[Records Boundary: Start]

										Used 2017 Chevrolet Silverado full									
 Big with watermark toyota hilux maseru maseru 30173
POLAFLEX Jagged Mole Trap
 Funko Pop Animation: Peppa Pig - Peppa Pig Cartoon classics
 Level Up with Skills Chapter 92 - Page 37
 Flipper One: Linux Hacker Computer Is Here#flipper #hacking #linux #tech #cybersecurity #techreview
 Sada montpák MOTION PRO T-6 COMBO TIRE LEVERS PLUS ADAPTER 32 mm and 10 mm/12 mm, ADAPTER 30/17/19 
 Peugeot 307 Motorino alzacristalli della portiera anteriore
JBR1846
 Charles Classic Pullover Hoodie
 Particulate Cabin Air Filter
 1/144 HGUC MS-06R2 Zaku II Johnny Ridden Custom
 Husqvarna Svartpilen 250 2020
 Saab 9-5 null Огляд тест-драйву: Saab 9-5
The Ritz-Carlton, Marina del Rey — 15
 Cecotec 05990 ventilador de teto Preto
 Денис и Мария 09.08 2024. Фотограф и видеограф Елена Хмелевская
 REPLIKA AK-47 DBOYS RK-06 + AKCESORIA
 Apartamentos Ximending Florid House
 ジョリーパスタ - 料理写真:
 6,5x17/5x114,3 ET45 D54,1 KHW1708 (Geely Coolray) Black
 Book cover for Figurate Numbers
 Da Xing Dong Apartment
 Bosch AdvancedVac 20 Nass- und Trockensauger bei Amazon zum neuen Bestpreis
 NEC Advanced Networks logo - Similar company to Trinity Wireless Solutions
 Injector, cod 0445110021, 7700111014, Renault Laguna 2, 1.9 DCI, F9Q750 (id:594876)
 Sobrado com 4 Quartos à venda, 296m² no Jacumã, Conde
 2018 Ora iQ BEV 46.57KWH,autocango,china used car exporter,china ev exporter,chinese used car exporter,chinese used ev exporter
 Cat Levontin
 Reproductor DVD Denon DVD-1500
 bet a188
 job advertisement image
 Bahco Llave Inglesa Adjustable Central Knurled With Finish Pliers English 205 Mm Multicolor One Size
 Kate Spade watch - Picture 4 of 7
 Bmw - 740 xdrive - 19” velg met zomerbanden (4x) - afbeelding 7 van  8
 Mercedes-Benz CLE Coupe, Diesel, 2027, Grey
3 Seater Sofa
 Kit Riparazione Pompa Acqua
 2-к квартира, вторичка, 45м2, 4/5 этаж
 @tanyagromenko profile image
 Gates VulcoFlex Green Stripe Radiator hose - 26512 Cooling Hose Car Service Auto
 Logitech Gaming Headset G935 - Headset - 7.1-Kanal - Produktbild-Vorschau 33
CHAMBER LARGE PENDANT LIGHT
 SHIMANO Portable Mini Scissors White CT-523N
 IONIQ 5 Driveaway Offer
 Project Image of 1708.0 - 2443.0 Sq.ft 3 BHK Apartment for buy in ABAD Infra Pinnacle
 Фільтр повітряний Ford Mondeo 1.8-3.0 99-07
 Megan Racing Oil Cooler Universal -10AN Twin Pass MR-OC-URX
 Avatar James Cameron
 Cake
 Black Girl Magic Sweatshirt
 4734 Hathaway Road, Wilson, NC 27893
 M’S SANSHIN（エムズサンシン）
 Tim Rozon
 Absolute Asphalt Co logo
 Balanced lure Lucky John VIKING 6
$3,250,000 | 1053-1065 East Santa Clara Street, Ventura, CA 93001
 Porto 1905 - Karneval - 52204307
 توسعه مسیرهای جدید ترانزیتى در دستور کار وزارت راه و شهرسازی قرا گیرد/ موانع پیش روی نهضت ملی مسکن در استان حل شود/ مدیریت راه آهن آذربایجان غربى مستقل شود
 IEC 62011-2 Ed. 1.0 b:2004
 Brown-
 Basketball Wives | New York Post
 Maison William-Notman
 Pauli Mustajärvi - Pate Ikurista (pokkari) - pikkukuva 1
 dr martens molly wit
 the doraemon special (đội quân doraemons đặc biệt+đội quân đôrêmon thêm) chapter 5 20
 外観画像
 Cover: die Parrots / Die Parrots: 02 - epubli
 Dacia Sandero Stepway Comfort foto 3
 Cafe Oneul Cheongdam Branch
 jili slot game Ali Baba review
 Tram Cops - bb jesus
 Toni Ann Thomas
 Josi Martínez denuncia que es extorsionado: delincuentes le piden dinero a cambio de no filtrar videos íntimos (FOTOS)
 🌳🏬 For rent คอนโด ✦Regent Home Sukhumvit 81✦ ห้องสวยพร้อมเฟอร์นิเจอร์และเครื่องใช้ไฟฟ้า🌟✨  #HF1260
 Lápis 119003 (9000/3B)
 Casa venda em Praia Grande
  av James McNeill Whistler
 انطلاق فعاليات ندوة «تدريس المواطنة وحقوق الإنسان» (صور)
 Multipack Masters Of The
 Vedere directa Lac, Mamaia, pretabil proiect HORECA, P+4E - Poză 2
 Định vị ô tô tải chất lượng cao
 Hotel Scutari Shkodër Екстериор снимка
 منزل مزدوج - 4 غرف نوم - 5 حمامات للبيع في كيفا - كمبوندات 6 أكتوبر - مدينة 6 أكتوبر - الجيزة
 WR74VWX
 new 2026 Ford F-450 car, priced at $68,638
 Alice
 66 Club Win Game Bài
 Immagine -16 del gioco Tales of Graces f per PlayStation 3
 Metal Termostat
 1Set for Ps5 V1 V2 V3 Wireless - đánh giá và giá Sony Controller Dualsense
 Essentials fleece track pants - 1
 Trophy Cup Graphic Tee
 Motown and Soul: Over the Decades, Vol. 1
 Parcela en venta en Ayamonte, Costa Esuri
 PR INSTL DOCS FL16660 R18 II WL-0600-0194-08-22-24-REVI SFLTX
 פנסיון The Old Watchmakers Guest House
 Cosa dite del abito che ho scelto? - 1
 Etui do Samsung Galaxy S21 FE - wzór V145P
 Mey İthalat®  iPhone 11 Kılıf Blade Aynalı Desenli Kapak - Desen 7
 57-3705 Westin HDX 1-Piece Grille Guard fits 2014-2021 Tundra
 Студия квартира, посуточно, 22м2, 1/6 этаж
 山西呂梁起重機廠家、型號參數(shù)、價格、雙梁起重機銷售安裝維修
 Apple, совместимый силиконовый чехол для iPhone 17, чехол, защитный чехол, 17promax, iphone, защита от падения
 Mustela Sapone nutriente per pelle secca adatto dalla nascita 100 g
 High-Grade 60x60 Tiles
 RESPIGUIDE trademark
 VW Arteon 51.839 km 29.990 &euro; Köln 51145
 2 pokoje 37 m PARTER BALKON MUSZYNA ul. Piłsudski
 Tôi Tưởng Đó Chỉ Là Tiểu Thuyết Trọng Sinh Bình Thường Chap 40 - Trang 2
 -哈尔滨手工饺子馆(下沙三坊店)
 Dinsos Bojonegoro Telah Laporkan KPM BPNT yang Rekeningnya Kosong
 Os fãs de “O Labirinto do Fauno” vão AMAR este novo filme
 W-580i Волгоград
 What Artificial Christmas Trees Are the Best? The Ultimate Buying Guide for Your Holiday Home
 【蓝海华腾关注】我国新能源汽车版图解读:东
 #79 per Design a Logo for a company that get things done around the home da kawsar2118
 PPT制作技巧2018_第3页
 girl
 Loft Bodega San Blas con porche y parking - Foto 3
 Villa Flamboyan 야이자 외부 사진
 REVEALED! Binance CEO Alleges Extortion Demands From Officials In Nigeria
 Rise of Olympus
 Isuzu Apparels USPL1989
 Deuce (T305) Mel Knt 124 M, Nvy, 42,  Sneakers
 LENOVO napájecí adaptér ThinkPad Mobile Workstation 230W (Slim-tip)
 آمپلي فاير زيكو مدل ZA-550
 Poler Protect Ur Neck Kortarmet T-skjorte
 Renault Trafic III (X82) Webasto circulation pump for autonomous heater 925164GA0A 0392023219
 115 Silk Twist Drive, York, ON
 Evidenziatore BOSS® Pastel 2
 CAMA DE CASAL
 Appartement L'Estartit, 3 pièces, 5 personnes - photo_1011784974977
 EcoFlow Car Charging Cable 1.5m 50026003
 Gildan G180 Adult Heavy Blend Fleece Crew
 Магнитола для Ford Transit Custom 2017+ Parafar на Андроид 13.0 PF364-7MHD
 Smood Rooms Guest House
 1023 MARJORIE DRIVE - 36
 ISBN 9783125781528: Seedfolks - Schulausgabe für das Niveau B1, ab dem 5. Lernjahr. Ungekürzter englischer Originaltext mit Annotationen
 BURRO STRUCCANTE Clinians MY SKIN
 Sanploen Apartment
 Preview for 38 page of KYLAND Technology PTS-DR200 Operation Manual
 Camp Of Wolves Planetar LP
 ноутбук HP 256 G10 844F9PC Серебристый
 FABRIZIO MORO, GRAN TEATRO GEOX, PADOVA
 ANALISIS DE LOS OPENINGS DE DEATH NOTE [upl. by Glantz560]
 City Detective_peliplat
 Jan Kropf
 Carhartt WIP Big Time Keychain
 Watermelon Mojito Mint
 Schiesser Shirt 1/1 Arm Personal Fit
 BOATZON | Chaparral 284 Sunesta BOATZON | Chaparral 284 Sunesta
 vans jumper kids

[Records Boundary: End]

What you should do — Take from the entries every line that has the string "venda".

Task solution —
 Sobrado com 4 Quartos à venda, 296m² no Jacumã, Conde
 Casa venda em Praia Grande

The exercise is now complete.